-- Opening Marker --

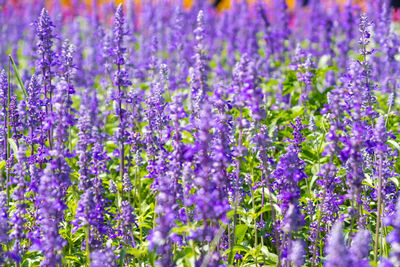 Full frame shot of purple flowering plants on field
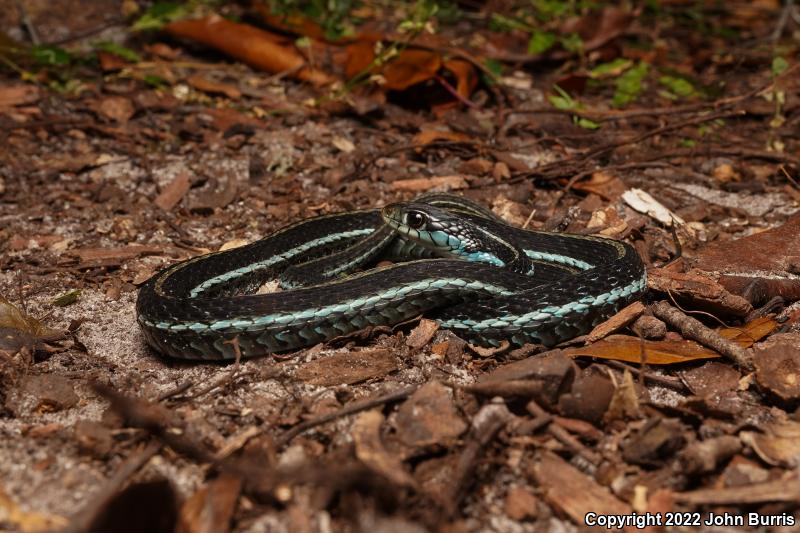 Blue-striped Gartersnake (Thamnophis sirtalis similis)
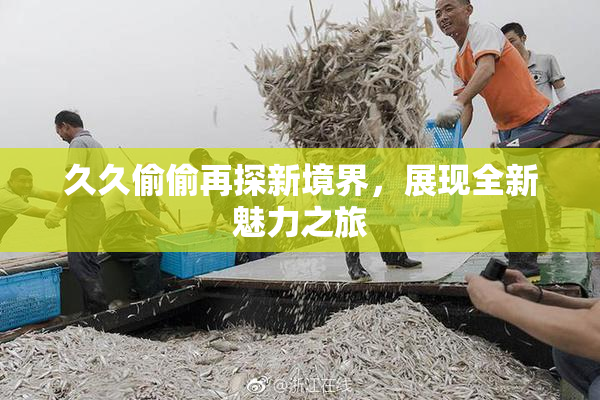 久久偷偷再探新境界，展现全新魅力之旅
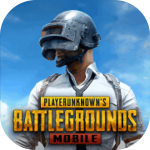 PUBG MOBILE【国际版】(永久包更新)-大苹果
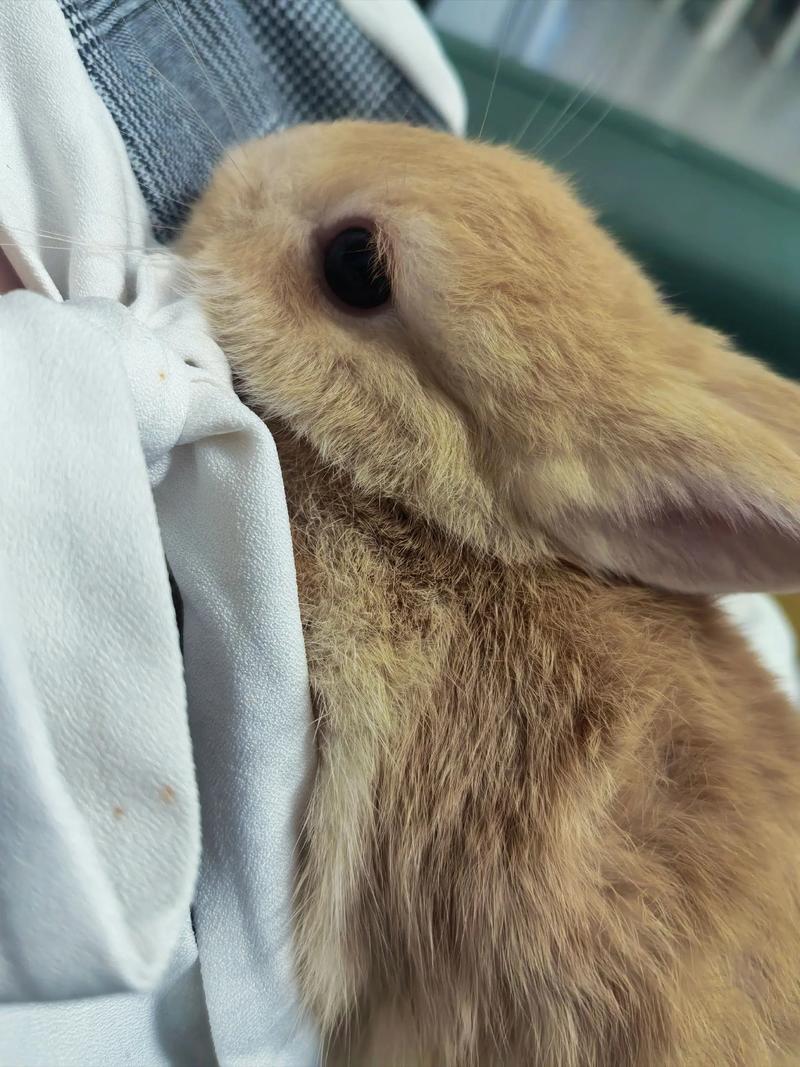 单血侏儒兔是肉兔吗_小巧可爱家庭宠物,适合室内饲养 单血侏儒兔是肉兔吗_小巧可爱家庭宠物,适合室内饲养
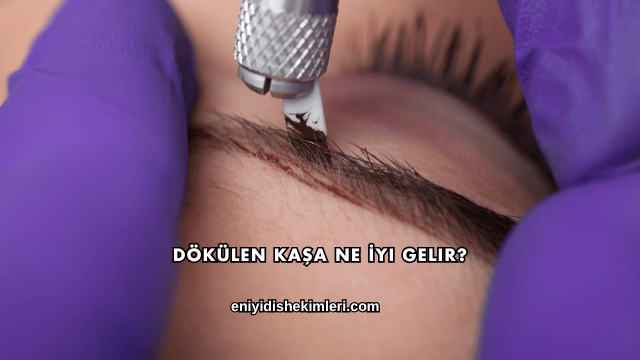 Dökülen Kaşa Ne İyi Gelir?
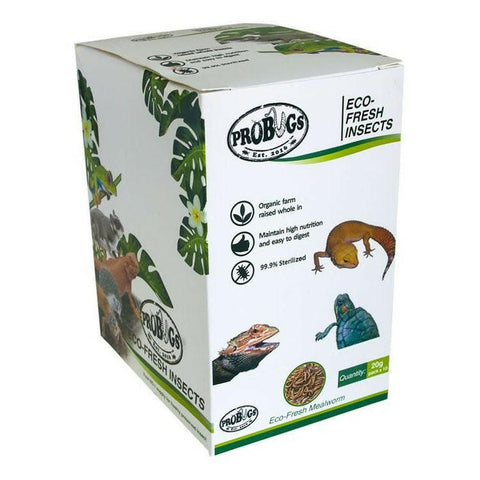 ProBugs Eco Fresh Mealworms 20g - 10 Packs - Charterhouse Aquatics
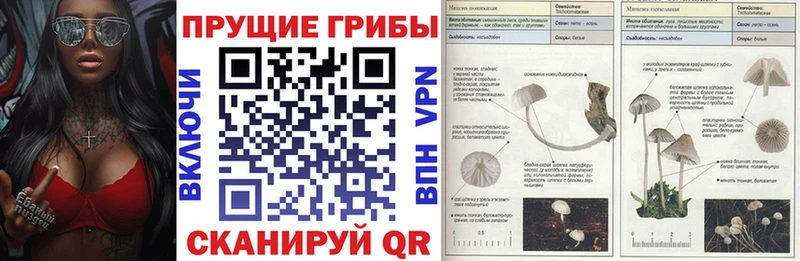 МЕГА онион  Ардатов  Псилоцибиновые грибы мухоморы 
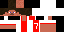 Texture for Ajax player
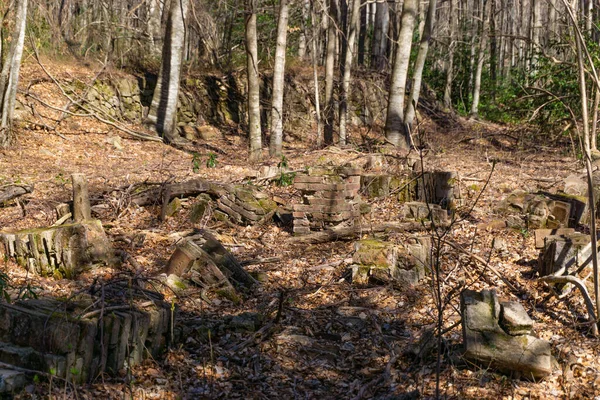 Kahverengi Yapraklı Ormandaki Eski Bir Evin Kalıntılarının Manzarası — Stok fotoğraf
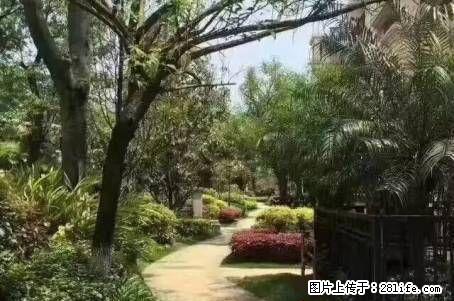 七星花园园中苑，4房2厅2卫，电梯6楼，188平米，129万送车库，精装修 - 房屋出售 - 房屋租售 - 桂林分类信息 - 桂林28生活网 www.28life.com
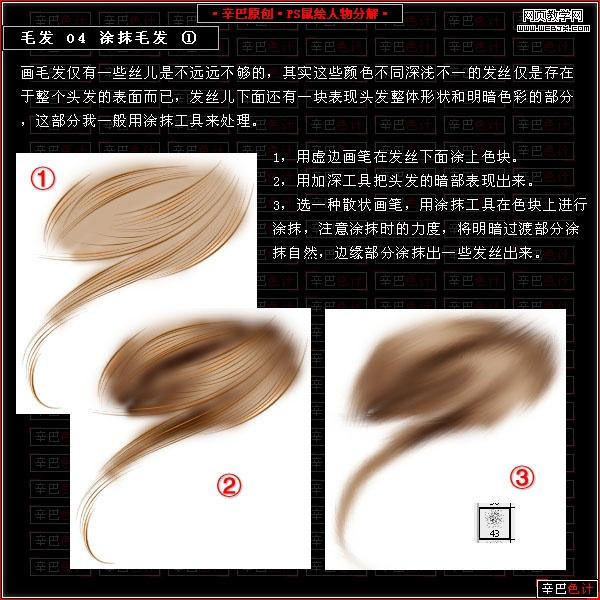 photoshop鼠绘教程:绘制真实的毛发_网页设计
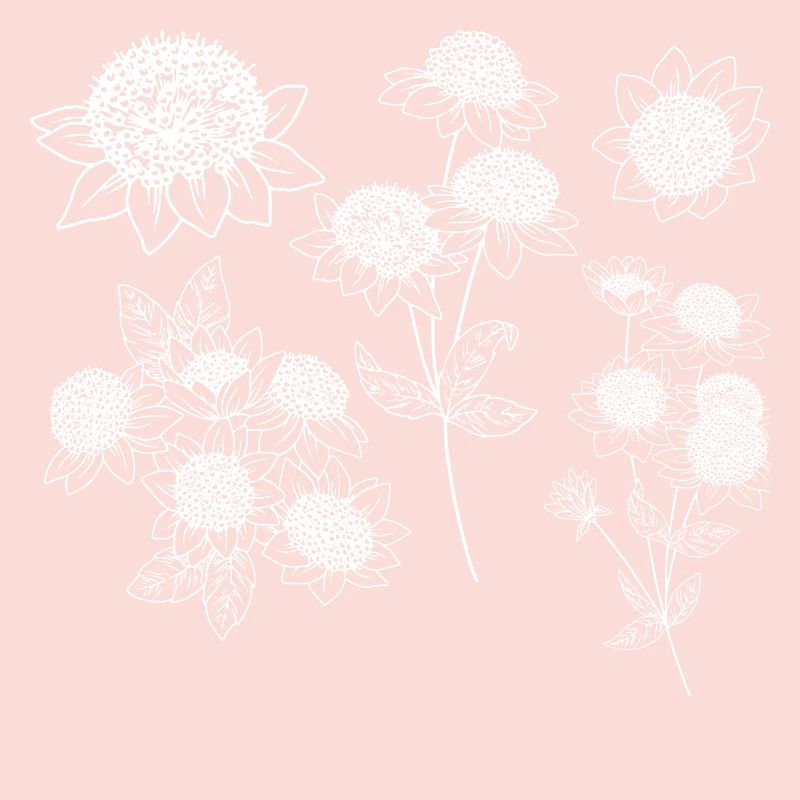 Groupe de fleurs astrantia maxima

-- Closing Marker --

- Work order:
Out of the records above, please copy exactly the lines from the line with "Dökülen Kaşa Ne İyi Gelir?" up to and including the line with "Kahverengi Yapraklı Ormandaki", minus the pictures.

- Completed exercise:
 Dökülen Kaşa Ne İyi Gelir?
 ProBugs Eco Fresh Mealworms 20g - 10 Packs - Charterhouse Aquatics
 МЕГА онион  Ардатов  Псилоцибиновые грибы мухоморы 
 Texture for Ajax player
 Kahverengi Yapraklı Ormandaki Eski Bir Evin Kalıntılarının Manzarası — Stok fotoğraf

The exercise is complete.